Turning westwards we now take up the Slovenians of Carinthia and Styria on their western frontier, not forgetting the southermost of the Czekhs of Bohemia. How far did the Slavonic area extend in the direction of Switzerland, Gaul, and Italy?
In the Tyrol we have such geographical names as Scharn-_itz_, Gsh_nitz_-thal, and _Vintsh_-gau; in the Vorarlberg, Ked-_nitz_ and Windisch-_matrei_. Even where the names are less definitely Slavonic, the compound sibilant _tsh_, so predominant in Slavonic, so exceptional in German, is of frequent occurrence. This, perhaps, is little, yet is more than can be found in any country _known_ to have been other than Slavonic.
Again--a Slavonic population in the Vorarlberg and Southern Bavaria best accounts for the name _Vind_-elicia.

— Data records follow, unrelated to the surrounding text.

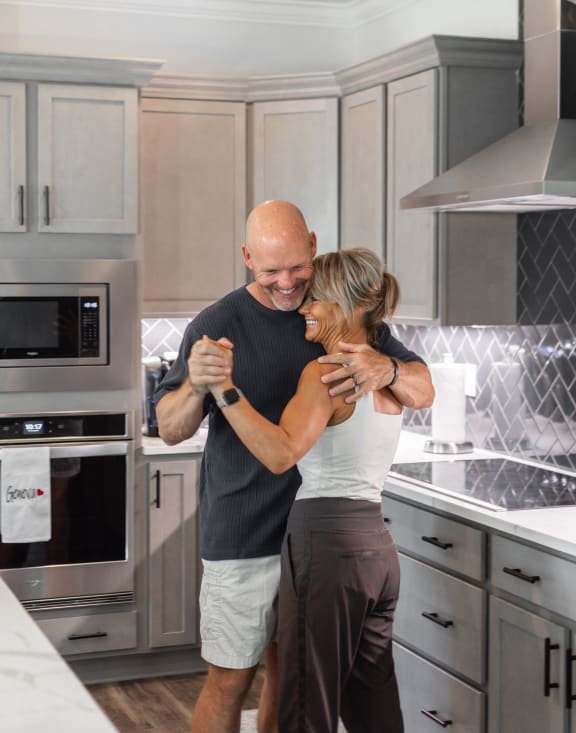 a man and a woman standing in a kitchen hugging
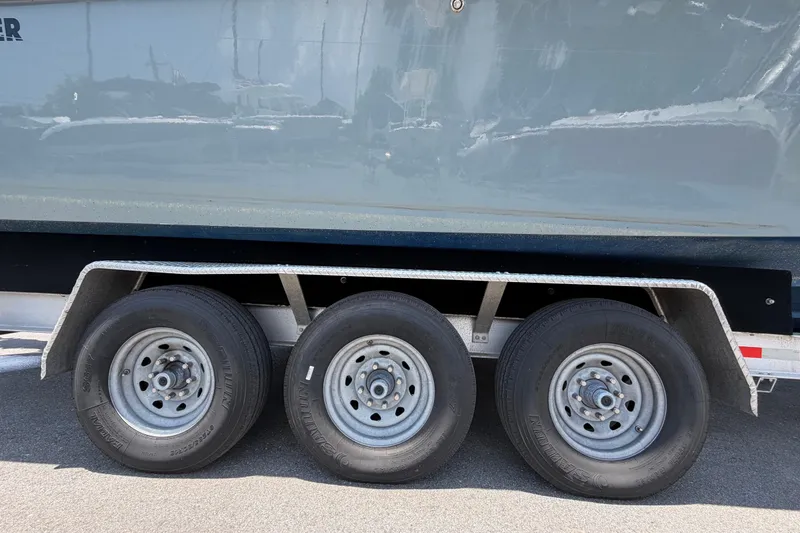 Slide: The Image of Triple-axle trailer supporting a 2007 Contender 33 Tournament boat. - 33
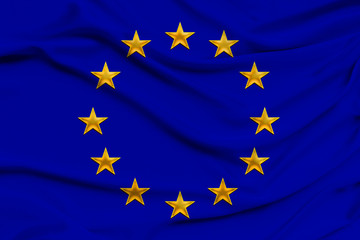 stylized European Union flag, symbol of united Europe on soft silk with soft folds, close-up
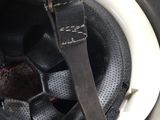 a close up of a helmet with a pair of scissors in it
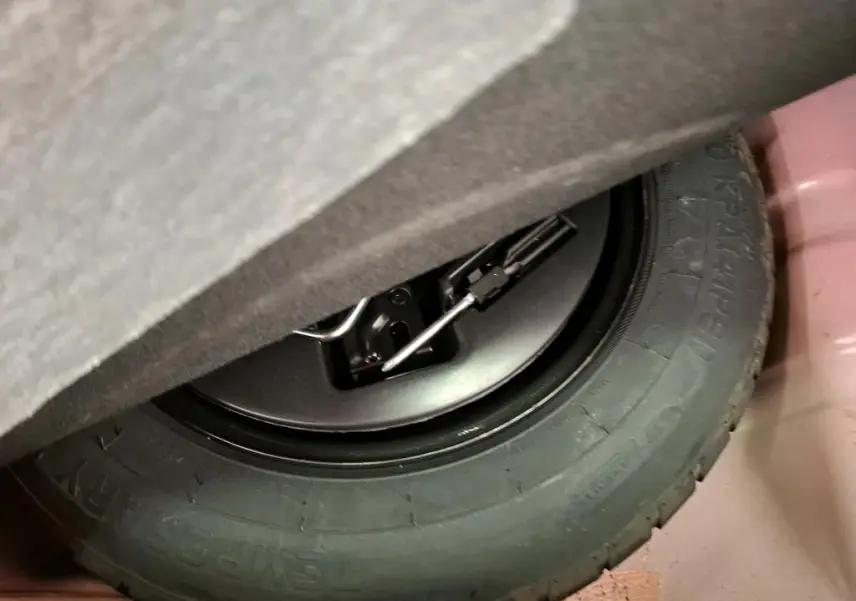 Gros plan sur la roue de secours noire et son outil de levage dans le coffre d'une FIAT 500 rouge Dolcevita 2021.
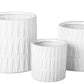 A set of three black ceramic round pots with a matte finish and embossed layered banded spike pattern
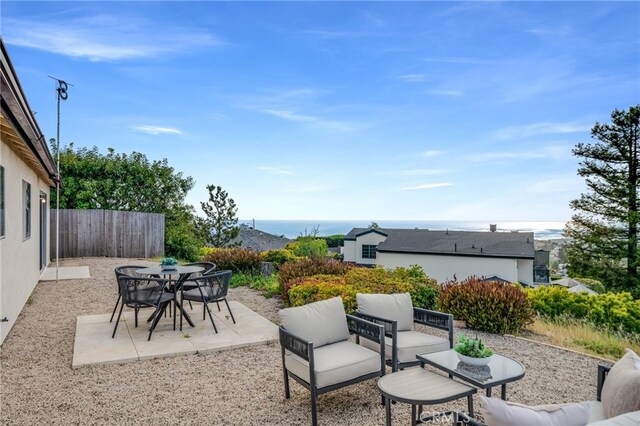 view of patio featuring fence, a water view, and outdoor lounge area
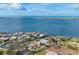 An aerial shot of a coastal neighborhood with beautiful waterways, homes, and stunning ocean views at 295 North Dr, Englewood, FL 34223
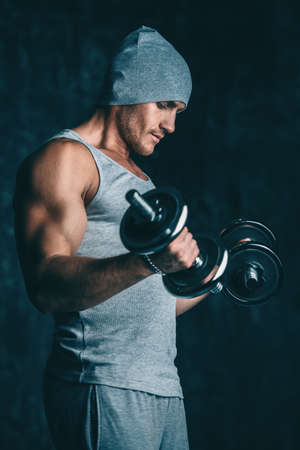 Muscular sportsman bodybuilder doing exercises with dumbbells. Health and sports concept.の写真素材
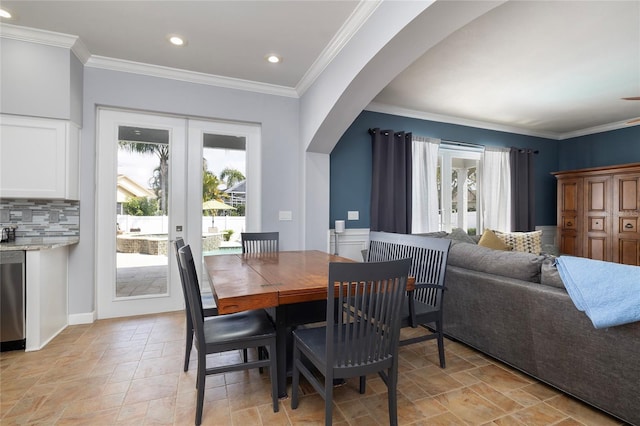 dining room featuring stone finish floor, recessed lighting, arched walkways, and ornamental molding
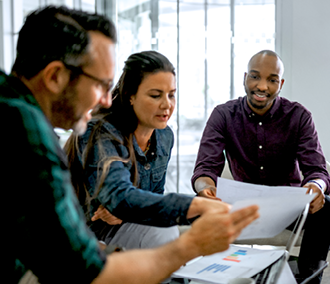 Casual meeting of diverse business team analyzing financial data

If the Slavonians are aboriginal, and if the Czekhs are the same, the decisive evidence that, within the historical period, they have both receded is in favor of their respective areas having originally been greater than they are at present. Such being the case, we may bring them both further south and further west. How far? This is a question of minute detail, not to be answered off-hand. The rule of parsimony, however, by which we are forbidden to multiply stocks unnecessarily, carries them to the frontier of the Gauls in one direction, and the Italians on the other.

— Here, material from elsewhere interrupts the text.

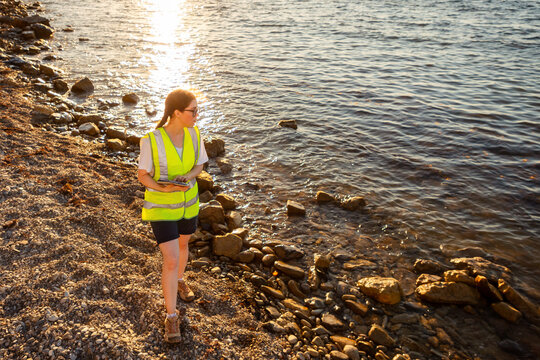Top view of young volunteer woman wearing vest and using pad for analyzing. In background is ocean, coast and sunset. Copy space. Concept of inspection environmentalist and ocean pollution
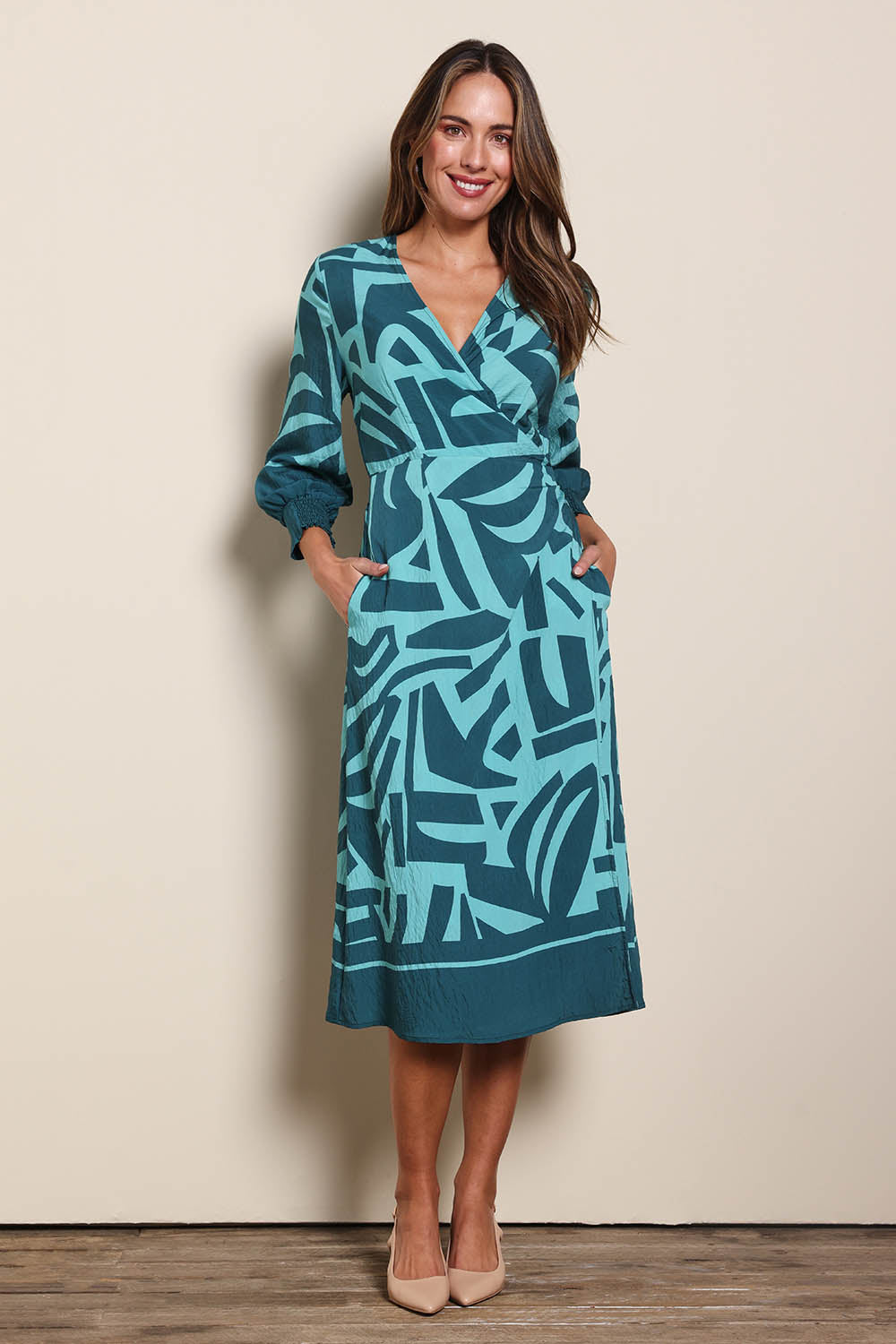 Model Madelinec wearing size 10 of the The Printed Wrap Dress - Abstract in colour Abstract, from the front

If so, there may have been Slavonians on the frontier of Liguria. More than this the Rhæti may have been Slavonic also. But many make the Etruscans Rhætian. Is it possible however, that even the Etruscans were Slavonic?
I know of numerous _opinions_ against their being so. I know of no _facts_.
ON THE TERMS OF _GOTHI_ AND _GETÆ_.
OBSERVATIONS LAID BEFORE THE ETHNOLOGICAL SECTION, AT THE MEETING OF THE BRITISH ASSOCIATION FOR THE ADVANCEMENT OF SCIENCE, HELD AT BIRMINGHAM 1849.
So far from the Gothi and Getæ being identical there is no reason to believe that any nation of Germany ever bore the former of these two names until it reached the country of the population designated by the latter. If so, the Goths were Gothic, just as certain Spaniards are Mexican and Peruvian; and just as certain Englishmen are Britons _i.e._ not at all.
The Goths of the Danube, etc. leave Germany as Grutungs and Thervings, become Marcomanni along the Bohemian and Moravian frontiers, Ostrogoths and Visigoths, on the Lower Danube (or the land of the Getæ), and Mœsogoths (from the locality in which they become Christian) in Mœsia.
What were the Goths of Scandinavia? _It is not I who am the_ first by many scores of investigators to place all the numerous populations to which the possible modifications of the root _G--t_ apply in the same category. I only deny that that category is German. Few separate the Jutes of Jutland, from the Goths of Gothland. Then there is the word _Vitæ_; which is to _Gut-_, as _Will_-iam is to _Gul_-ielmus, a form that was probably Lithuanic.
If _J_+_t_, as it occurs in the word _Jute_, be, really, the same as the _G_+_t_ in _Got_ or _Goth_, we have a reason in favour of _one_ of the earlier Danish populations having been Lithuanic.